When children learn the meaning of words through oral language and reading experiences, it becomes locked into their long-term memory. This means we have to teach higher order thinking skills and give our students plenty of opportunities to experience words in a variety of ways.

activities for teaching vocabulary

Indirect activities for teaching vocabulary helps students to learn vocabulary when they hear and see words used in many different forms, such as conversations, read-aloud experiences, and independent reading.

This is backed by research-based evidence as shown in the study done by Partnership for Reading, 2001.

5 Vocabulary Instruction Activities

1. Interactive Read Aloud

Reading aloud is one of the most important reading comprehension interventions and vocabulary acquisition strategies a teacher can do.

It is well documented that reading books aloud to children delivers a higher rate of "rare" words that they would not normally be exposed to in general conversation. By exposing them to different texts, teachers are directly effecting the number of words a child will hear in a year, which correlates strongly to reading comprehension.

There is a correct way to do an interactive read aloud - it is not just for after recess!

2. Vocabulary Notebook
Students can keep a vocabulary notebook where they record new words they encounter when they are reading independently or listening to a story.

The meanings of these words should be recorded later when the context clues are provided in the text. This will take some modeling, particularly with younger students.

However, it is a very useful indirect method of teaching vocabulary that causes students to internalize their own learning.

3. Daily Words
We want our students to retain the meaning of important vocabulary, so it must be consistently utilized within the classroom. If the words are only introduced, they do not get into the students' long-term memories. Therefore, teachers need to make using these new words an every day part of the classroom language.

Vocabulary is not stored only as individual words, but also as parts of phrases and larger chunks. These can be retrieved from the memory as a whole, which reduces difficulties with processing and deep comprehension.

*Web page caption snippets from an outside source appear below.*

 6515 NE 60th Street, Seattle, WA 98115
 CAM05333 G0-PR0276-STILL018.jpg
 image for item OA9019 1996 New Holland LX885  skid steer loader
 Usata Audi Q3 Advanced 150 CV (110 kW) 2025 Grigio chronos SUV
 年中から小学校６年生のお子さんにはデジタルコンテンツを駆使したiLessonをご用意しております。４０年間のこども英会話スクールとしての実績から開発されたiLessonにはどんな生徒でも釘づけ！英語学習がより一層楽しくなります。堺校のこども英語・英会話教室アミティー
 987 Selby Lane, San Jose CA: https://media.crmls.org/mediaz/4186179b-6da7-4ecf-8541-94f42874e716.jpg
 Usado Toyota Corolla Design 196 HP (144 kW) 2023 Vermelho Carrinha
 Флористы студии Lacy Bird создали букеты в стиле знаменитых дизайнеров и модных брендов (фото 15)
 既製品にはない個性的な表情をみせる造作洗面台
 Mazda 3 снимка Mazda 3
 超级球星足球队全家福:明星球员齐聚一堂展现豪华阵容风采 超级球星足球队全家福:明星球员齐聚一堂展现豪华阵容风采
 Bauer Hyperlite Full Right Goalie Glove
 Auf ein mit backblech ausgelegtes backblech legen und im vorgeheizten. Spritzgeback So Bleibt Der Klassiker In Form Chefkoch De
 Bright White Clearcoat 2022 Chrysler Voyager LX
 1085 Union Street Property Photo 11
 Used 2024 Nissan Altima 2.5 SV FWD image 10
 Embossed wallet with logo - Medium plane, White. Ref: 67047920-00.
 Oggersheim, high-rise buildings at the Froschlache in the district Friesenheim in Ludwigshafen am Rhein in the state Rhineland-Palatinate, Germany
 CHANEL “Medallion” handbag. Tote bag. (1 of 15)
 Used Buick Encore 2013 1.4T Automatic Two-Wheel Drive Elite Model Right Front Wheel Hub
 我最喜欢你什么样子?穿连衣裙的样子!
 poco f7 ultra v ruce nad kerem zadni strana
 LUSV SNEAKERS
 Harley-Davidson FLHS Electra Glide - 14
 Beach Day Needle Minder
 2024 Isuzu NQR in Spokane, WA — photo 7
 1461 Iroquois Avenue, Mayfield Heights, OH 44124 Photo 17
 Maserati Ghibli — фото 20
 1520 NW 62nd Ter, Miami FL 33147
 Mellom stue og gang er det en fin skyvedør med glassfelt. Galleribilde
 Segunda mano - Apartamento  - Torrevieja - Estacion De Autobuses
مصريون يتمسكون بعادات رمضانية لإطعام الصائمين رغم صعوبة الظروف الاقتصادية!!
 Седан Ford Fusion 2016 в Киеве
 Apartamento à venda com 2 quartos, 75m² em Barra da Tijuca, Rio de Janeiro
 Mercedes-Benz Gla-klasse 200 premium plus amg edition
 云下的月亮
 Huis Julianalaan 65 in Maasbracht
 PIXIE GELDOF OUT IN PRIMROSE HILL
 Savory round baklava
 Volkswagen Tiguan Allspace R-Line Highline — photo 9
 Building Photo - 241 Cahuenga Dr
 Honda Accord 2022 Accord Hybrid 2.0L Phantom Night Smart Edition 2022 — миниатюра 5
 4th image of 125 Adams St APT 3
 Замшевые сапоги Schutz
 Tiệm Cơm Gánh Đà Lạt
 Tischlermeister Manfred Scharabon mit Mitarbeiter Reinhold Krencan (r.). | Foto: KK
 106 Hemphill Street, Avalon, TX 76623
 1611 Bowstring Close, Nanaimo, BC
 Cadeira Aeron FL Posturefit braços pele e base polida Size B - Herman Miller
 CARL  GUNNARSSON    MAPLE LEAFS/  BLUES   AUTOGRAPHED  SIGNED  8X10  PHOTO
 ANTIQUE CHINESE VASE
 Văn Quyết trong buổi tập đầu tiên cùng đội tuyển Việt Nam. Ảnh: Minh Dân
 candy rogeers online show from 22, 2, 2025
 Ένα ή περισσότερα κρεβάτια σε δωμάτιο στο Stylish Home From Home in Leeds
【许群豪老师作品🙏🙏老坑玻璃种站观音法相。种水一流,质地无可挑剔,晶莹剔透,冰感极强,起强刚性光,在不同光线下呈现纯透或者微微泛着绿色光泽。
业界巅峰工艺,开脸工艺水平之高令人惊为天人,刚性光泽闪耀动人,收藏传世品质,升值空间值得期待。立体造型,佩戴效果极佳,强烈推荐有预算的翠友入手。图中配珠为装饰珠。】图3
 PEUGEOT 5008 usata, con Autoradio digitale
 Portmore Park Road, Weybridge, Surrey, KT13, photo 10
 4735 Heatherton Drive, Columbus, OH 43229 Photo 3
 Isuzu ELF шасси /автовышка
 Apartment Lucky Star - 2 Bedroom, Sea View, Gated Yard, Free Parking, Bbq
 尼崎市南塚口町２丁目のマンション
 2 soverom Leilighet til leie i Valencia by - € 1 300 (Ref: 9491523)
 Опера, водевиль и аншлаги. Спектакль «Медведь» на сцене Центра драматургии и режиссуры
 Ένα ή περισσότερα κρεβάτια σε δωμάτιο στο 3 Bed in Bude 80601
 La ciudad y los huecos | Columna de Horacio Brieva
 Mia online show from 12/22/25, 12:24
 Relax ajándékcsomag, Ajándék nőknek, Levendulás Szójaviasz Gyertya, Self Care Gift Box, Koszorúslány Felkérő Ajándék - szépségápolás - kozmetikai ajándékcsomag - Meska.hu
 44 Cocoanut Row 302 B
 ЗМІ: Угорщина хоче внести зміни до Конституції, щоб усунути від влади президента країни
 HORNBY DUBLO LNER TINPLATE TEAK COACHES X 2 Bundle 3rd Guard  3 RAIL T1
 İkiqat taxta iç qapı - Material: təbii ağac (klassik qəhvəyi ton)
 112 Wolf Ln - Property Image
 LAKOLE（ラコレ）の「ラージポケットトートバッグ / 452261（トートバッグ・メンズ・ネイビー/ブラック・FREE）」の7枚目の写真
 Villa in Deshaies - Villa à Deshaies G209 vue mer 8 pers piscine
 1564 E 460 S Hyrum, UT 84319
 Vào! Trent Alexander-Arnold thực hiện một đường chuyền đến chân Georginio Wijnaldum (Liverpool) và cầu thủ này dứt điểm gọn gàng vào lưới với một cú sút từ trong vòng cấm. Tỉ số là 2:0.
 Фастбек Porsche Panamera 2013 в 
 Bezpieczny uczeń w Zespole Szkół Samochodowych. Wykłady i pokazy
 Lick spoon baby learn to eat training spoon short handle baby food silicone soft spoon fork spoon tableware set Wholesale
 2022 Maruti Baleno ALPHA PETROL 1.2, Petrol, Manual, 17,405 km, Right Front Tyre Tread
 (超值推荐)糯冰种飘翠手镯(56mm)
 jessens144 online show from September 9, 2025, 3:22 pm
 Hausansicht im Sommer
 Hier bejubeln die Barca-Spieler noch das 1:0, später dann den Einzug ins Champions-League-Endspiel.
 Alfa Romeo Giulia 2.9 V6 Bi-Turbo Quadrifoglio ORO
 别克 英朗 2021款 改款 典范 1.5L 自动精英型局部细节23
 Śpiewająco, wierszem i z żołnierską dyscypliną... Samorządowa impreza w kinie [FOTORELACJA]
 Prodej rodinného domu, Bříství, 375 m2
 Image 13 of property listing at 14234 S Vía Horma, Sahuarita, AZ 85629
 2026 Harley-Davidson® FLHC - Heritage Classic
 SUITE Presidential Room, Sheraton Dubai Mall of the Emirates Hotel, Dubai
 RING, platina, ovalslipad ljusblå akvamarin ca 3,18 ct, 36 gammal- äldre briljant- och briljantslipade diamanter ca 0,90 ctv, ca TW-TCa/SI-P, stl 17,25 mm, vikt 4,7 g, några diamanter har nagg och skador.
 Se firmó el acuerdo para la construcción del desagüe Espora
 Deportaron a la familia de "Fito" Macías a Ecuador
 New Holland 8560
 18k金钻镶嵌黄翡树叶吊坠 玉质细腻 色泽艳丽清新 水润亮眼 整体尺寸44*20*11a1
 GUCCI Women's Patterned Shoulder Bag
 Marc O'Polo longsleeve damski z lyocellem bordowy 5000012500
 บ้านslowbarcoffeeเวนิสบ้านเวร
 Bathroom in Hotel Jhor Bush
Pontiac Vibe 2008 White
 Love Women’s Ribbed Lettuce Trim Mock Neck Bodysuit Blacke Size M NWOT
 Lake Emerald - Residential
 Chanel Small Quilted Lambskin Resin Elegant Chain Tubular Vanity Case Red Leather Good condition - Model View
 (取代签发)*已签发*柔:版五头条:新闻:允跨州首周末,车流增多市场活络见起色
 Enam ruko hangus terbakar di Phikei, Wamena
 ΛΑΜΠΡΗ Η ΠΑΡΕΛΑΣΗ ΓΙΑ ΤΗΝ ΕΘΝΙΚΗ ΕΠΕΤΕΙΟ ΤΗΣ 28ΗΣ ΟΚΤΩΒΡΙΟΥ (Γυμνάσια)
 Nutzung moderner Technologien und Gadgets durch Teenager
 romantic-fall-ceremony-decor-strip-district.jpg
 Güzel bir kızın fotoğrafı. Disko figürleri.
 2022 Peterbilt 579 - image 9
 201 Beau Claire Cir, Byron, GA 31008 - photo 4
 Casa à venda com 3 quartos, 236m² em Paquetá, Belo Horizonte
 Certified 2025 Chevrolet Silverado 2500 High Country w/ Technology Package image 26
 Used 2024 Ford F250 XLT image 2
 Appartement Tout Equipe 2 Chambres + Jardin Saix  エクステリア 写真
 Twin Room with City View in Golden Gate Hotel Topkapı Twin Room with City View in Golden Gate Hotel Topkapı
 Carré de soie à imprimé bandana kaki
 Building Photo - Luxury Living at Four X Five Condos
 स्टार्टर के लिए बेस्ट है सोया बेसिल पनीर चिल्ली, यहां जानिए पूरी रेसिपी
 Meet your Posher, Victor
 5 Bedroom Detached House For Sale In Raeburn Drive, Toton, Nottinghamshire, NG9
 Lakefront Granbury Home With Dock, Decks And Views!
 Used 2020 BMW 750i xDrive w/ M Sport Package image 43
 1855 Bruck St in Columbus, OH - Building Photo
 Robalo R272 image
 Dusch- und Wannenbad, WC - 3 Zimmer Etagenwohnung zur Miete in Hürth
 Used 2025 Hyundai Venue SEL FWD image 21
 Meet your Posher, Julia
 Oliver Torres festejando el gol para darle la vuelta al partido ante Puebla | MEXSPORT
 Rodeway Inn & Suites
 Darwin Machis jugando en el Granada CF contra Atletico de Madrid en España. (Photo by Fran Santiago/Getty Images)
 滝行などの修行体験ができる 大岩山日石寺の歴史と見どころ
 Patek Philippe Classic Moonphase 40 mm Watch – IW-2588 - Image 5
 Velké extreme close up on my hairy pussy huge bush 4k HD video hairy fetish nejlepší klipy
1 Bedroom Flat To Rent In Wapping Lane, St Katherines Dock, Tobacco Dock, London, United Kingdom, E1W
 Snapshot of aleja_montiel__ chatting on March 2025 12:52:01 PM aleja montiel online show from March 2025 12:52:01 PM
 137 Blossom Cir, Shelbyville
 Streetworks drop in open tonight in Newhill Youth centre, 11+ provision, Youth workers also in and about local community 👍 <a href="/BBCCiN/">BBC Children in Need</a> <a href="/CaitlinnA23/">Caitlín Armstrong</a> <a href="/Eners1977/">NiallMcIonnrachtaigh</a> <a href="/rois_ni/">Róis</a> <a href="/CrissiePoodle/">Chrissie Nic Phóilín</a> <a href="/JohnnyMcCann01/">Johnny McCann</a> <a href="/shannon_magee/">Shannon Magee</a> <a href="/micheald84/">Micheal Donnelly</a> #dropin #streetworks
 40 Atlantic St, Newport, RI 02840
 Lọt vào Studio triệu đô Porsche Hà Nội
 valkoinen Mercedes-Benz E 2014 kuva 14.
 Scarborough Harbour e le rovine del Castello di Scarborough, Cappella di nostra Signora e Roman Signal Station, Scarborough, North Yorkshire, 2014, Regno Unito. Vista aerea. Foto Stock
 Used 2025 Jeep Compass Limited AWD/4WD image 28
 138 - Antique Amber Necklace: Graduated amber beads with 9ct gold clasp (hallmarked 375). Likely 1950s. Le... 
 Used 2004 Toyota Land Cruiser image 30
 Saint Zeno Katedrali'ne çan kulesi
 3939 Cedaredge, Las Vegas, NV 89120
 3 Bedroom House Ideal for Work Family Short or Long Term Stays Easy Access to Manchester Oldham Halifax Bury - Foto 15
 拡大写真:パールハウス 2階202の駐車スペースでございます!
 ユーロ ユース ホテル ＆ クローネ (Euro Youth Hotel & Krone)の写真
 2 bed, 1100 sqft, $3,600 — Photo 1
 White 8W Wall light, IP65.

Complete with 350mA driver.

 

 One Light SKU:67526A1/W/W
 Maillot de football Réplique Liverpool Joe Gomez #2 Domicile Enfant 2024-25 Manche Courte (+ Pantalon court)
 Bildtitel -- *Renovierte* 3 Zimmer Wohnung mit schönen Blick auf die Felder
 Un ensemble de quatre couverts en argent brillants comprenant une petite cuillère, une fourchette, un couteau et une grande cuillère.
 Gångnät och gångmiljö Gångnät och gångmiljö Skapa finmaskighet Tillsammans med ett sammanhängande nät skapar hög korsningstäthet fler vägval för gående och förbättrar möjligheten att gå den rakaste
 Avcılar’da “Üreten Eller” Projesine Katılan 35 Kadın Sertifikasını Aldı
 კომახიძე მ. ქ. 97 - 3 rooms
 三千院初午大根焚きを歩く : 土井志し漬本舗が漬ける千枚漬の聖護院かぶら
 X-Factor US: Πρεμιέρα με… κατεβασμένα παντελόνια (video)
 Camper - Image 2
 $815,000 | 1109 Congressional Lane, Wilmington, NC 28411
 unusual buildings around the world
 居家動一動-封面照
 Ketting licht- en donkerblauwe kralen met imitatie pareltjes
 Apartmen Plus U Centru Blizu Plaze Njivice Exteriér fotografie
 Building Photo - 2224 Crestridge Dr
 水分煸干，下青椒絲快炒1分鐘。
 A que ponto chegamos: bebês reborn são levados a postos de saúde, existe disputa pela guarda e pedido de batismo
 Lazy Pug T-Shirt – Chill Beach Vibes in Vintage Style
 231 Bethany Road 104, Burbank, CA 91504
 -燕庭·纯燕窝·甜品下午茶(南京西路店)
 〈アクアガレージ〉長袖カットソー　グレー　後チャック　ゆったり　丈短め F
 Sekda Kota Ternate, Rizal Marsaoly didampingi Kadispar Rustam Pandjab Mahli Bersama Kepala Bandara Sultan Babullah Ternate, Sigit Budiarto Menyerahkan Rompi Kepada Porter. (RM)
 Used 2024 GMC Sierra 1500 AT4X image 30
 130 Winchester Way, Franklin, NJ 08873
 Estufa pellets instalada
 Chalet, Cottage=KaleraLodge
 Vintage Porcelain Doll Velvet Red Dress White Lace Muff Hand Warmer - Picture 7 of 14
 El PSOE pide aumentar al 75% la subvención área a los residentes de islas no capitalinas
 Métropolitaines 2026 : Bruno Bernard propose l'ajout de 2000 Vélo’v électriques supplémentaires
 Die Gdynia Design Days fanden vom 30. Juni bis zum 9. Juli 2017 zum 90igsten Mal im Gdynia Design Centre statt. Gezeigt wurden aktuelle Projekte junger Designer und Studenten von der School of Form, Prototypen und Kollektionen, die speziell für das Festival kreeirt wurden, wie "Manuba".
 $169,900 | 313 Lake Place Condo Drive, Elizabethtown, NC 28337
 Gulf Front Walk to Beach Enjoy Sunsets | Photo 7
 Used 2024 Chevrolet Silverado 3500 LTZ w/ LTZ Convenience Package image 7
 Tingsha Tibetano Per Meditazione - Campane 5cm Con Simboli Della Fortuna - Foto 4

You can promote this indirect way of teaching vocabulary through my morning message, when we line up, during class discussions...wherever the possibility arises. It is also referred to as a "Vocabulary Flood" in the May 2012 issue of The Reading Teacher (Flooding Vocabulary Gaps to Accelerate Word Learning: Brabham, Buskist, et al).

The activities for teaching vocabulary that are specifically mentioned included integration of words into "language gestalts,", repetition and meaningful use of words.

4. Label Classroom Objects
Labeling objects in a classroom is not just for kindergarteners.

This is one of the easiest activities for teaching vocabulary indirectly, and the students love to find what you have labeled or changed in their environment.

It also brings realia into the classroom, which is using concrete objects to increase vocabulary understanding.

Some examples of labeling are: label the rocking chair with the word "glider." The teacher table becomes a "trestle," and the class bookshelf is divided into tubs with clearly labeled genres, such as "allegories," "memoirs," and "myths."

Through labeling classroom objects, you are making rare words become known, familiar words that will be embedded deeply into the students' long-term memories.

5. Integrate use of multi-media
Growth will happen naturally as students talk to each other, listen to music, watch television shows and listen to stories. This is one of the keys to indirectly using activities for teaching vocabulary.

In her book Words, Words, Words: Teaching Vocabulary in Grades 4-12 Janet Allen writes this about her students:

“They used the words they heard on television and radio; they used words from the music they listened to; and they used the words I used with them.”

Choose vocabulary-rich multi-media to use within your classroom. Students can listen to stories you have downloaded on to MP3s, watch short video clips together and discuss them or read the lyrics to music while listening to it.